-- Opening Marker --

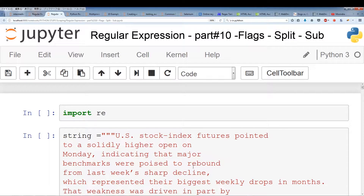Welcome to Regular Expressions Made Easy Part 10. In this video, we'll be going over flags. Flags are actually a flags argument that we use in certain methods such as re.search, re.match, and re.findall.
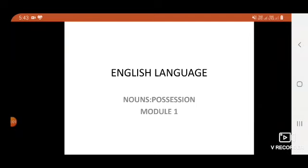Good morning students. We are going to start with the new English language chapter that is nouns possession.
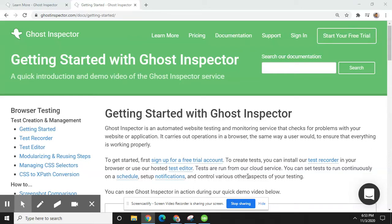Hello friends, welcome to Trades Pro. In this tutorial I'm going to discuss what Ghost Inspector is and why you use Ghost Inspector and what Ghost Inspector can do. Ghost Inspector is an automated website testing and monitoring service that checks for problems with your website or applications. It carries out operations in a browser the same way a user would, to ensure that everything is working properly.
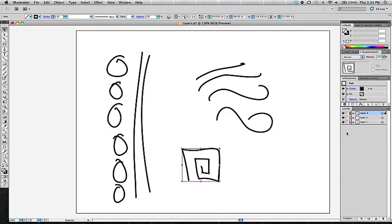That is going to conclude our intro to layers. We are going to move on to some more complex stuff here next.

-- Closing Marker --
-- Opening Marker --

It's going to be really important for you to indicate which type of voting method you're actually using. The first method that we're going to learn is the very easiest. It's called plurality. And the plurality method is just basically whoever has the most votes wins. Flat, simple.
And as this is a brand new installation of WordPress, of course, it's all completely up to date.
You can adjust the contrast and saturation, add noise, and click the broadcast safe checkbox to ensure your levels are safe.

-- Closing Marker --

[Exercise aim]
Copy nothing but the lines above that run from the one with "Hello friends, welcome" to the one with "That is going", ends included; pictures stay out.

[Reply]
Hello friends, welcome to Trades Pro. In this tutorial I'm going to discuss what Ghost Inspector is and why you use Ghost Inspector and what Ghost Inspector can do. Ghost Inspector is an automated website testing and monitoring service that checks for problems with your website or applications. It carries out operations in a browser the same way a user would, to ensure that everything is working properly.
That is going to conclude our intro to layers. We are going to move on to some more complex stuff here next.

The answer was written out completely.